从 python 中的字符串中检测并替换 xml
Detecting and replacing xml from string in python
我有一个文件,其中包含文本以及转储到其中的一些 xml 内容。它看起来像这样:
The authentication details : <id>70016683</id><password>password@123</password>
The next step is to send the request.
The request : <request><id>90016133</id><password>password@3212</password></request>
Additional info includes <Address><line1>House no. 341</line1><line2>A B Street</line2><City>Sample city</City></Address>
我正在使用 python 程序来解析这个文件。我想用占位符替换 xml 部分:xml_obj。输出应如下所示:
The authentication details : xml_obj
The next step is to send the request.
The request : xml_obj
Additional info includes xml_obj
同时我也想把被替换的xml文本提取出来存到一个列表中。如果该行没有 xml 对象,则该列表应包含 None。
- 我已经尝试使用正则表达式来达到这个目的:
xml_tag = re.search(r"<\w*>",line)
if xml_tag:
start_position = xml_tag.start()
xml_word = xml_tag.group()[:1]+'/'+xml_tag.group()[1:]

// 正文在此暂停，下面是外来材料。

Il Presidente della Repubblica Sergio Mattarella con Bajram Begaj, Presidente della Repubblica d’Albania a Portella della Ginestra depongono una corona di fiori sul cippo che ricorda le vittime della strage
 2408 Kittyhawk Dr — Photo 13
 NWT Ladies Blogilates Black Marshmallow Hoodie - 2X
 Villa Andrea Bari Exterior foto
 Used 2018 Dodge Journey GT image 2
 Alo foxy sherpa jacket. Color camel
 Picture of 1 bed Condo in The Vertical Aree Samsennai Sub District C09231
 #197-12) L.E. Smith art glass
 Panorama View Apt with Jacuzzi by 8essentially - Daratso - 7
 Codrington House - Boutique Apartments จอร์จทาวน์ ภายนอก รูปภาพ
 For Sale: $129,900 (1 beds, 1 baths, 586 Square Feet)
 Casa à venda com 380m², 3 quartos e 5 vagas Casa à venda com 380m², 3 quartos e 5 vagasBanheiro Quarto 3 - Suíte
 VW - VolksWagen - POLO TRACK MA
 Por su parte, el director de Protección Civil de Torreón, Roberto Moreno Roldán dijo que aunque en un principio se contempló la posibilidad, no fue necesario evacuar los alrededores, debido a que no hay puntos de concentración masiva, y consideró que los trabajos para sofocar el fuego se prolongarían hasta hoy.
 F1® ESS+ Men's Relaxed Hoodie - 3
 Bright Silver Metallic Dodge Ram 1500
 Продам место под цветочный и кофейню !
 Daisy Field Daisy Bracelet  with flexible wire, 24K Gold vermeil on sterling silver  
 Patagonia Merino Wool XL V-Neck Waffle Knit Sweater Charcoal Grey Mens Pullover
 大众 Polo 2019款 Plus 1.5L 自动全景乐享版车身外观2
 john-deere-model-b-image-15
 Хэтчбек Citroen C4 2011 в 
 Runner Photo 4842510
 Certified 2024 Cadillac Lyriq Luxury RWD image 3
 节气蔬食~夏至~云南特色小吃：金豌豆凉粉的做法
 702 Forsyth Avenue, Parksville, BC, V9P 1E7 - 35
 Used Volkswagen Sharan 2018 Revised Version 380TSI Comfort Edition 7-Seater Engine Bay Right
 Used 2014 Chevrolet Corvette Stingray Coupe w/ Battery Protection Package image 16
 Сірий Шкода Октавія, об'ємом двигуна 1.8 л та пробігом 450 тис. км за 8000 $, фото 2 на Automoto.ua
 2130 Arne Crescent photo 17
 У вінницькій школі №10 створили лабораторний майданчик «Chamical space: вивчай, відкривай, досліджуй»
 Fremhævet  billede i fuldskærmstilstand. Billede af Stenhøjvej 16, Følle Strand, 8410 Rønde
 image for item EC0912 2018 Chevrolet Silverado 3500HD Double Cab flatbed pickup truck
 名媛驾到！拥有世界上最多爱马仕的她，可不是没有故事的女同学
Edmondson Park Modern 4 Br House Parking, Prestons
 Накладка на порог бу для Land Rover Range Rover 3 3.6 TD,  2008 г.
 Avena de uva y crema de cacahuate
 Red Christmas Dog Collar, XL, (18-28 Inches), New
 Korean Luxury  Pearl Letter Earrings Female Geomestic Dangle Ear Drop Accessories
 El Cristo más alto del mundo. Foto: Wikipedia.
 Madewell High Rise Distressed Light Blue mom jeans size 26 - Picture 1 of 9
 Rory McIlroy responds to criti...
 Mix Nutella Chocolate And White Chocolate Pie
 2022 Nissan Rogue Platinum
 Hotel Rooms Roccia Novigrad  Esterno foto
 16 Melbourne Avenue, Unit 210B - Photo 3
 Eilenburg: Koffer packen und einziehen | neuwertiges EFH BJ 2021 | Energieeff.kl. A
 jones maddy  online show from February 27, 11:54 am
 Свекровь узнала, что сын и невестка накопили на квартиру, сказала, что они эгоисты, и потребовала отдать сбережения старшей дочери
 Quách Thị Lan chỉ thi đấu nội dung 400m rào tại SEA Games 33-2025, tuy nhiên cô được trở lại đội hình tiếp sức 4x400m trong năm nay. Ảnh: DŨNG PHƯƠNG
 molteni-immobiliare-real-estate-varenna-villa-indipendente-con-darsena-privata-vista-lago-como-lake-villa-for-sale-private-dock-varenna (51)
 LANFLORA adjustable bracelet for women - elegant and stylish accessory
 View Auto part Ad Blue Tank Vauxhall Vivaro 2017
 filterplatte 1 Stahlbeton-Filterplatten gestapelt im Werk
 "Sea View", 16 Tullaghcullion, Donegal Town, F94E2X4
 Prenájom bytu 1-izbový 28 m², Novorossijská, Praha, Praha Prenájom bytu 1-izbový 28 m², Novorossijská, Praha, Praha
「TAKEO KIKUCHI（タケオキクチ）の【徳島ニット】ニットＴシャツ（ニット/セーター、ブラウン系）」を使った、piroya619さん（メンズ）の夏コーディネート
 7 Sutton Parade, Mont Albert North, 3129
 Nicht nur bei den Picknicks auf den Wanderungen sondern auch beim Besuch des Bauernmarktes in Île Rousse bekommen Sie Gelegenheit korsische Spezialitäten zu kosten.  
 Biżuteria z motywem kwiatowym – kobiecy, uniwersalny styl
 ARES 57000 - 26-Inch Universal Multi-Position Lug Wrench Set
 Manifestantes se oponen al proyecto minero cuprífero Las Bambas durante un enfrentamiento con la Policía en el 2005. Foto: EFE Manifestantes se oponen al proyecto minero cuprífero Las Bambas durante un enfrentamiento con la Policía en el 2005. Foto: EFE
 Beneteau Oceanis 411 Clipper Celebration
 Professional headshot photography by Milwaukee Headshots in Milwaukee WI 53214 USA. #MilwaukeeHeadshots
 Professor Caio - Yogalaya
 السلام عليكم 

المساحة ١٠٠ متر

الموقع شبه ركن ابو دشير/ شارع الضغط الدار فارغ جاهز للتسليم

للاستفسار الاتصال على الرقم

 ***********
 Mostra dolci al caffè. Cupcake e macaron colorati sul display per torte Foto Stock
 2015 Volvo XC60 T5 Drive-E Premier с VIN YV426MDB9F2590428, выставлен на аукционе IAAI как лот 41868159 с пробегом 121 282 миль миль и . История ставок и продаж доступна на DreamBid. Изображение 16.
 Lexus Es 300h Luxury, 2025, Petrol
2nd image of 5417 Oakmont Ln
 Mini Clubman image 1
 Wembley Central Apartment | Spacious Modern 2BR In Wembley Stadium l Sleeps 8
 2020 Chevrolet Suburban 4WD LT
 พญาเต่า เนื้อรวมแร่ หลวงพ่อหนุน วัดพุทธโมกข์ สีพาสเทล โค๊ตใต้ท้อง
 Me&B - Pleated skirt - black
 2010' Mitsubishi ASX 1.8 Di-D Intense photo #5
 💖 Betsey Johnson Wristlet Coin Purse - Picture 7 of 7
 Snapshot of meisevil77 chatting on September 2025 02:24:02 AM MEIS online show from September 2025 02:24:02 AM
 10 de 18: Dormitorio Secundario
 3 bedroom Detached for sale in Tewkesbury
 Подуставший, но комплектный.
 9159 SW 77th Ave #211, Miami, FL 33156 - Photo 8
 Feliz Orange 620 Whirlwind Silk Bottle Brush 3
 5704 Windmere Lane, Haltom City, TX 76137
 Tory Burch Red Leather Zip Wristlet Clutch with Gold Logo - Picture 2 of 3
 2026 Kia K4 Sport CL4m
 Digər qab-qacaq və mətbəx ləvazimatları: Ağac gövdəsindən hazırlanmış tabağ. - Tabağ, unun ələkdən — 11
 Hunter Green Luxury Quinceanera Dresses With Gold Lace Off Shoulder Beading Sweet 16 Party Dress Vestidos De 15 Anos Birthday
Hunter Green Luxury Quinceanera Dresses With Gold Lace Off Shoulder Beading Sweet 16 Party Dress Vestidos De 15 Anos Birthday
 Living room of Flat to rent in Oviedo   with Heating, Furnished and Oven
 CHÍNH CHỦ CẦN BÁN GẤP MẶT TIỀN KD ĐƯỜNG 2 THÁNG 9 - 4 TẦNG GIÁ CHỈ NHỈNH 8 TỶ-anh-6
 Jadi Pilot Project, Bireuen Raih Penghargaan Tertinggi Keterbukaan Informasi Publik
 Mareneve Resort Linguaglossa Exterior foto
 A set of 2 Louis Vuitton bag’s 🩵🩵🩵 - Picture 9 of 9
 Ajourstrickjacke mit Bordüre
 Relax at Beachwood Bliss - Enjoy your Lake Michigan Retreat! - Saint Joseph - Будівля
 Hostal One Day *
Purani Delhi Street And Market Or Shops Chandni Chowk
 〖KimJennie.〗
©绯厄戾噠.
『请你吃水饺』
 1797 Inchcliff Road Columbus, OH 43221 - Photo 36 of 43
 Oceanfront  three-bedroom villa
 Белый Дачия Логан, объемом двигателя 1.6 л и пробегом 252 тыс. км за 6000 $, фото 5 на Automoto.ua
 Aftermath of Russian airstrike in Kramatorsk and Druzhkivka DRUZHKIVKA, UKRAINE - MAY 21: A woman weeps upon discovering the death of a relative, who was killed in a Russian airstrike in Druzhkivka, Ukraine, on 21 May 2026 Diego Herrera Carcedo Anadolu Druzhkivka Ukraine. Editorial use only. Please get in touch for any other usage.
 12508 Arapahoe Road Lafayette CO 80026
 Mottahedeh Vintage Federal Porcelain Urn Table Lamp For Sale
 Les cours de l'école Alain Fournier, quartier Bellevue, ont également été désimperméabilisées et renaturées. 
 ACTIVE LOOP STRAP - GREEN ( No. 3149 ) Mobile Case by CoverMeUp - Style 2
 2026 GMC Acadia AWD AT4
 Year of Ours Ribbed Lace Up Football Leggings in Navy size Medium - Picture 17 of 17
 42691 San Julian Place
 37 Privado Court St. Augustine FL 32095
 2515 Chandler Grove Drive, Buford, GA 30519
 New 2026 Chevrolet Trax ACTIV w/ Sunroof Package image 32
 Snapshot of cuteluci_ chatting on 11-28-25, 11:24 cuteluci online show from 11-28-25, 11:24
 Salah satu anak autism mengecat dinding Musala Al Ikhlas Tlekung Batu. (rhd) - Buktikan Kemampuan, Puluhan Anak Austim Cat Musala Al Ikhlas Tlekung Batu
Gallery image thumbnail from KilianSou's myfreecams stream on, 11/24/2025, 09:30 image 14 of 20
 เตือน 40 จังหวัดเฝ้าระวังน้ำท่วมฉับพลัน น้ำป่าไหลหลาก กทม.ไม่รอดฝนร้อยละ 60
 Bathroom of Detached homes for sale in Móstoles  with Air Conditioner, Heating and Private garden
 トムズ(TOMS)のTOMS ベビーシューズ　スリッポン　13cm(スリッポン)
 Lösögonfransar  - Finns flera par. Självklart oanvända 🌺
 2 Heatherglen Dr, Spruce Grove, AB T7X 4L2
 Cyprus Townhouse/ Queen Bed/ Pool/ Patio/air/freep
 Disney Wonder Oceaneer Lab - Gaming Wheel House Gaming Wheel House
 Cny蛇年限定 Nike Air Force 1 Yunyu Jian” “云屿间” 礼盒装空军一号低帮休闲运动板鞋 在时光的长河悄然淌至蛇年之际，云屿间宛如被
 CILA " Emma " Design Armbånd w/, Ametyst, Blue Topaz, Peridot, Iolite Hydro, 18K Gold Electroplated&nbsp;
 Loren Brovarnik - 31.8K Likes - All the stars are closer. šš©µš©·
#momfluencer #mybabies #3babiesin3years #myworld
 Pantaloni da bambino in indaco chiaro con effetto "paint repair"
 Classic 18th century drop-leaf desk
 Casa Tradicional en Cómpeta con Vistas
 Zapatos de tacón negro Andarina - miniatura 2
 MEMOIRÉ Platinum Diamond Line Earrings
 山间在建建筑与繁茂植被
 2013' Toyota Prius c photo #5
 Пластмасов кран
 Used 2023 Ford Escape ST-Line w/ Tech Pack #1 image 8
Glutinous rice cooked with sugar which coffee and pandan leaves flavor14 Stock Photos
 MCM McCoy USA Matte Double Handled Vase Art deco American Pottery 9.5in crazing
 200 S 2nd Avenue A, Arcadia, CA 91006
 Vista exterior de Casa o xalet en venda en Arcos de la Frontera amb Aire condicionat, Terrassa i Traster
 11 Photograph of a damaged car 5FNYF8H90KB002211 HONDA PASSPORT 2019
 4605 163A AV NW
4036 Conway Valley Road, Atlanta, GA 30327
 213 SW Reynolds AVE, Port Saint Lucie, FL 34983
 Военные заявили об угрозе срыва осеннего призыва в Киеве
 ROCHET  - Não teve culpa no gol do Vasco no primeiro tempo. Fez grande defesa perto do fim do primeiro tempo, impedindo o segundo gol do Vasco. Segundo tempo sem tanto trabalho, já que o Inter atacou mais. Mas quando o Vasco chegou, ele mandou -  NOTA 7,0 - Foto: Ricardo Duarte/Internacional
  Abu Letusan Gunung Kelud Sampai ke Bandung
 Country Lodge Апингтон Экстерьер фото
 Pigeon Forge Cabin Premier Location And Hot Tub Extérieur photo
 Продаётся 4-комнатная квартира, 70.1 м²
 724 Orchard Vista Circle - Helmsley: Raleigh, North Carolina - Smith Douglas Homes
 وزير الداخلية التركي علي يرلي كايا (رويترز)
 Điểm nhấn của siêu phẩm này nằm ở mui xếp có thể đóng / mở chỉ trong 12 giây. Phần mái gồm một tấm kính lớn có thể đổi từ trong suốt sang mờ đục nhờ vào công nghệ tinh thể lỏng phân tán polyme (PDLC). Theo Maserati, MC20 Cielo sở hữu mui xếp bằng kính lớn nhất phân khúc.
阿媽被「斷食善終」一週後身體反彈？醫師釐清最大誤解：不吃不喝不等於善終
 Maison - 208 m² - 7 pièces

xml_pattern = r'{}'.format(xml_word)
stop_position = re.search(xml_pattern,line).stop()
但此代码仅检索一个 xml 标记的开始和停止位置,它是第一行的内容和最后一行的完整格式(在输入文件中)。我想获取所有 xml 内容而不考虑 xml 结构并将其替换为 'xml_obj'.
任何建议都会有所帮助。提前致谢。
编辑:
我也想将相同的逻辑应用于如下所示的文件:
The authentication details : ID <id>70016683</id> Password <password>password@123</password> Authentication details complete
The next step is to send the request.
The request : <request><id>90016133</id><password>password@3212</password></request> Request successful
Additional info includes <Address><line1>House no. 341</line1><line2>A B Street</line2><City>Sample city</City></Address>
上述文件一行中可能有多个xml对象。
他们在 xml 部分之后可能还有一些纯文本。
以下内容有点令人费解,但假设您的实际文本已由问题中的示例正确表示,请尝试以下操作:
txt = """[your sample text above]"""
lines = txt.splitlines()
entries = []
new_txt = ''
for line in lines:
entry = (line.replace(' <',' xxx<',1).split('xxx'))
if len(entry)==2:
entries.append(entry[1])
entry[1]="xml_obj"
line=''.join(entry)
else:
entries.append('none')
new_txt+=line+'\n'
for entry in entries:
print(entry)
print('---')
print(new_txt)
输出:
<id>70016683</id><password>password@123</password>
none
<request><id>90016133</id><password>password@3212</password></request>
<Address><line1>House no. 341</line1><line2>A B Street</line2><City>Sample city</City></Address>
---
The authentication details : xml_obj
The next step is to send the request.
The request : xml_obj
Additional info includes xml_obj
我有一个文件,其中包含文本以及转储到其中的一些 xml 内容。它看起来像这样:
The authentication details : <id>70016683</id><password>password@123</password>
The next step is to send the request.
The request : <request><id>90016133</id><password>password@3212</password></request>
Additional info includes <Address><line1>House no. 341</line1><line2>A B Street</line2><City>Sample city</City></Address>
我正在使用 python 程序来解析这个文件。我想用占位符替换 xml 部分:xml_obj。输出应如下所示:
The authentication details : xml_obj
The next step is to send the request.
The request : xml_obj
Additional info includes xml_obj
同时我也想把被替换的xml文本提取出来存到一个列表中。如果该行没有 xml 对象,则该列表应包含 None。
- 我已经尝试使用正则表达式来达到这个目的:
xml_tag = re.search(r"<\w*>",line)
if xml_tag:
start_position = xml_tag.start()
xml_word = xml_tag.group()[:1]+'/'+xml_tag.group()[1:]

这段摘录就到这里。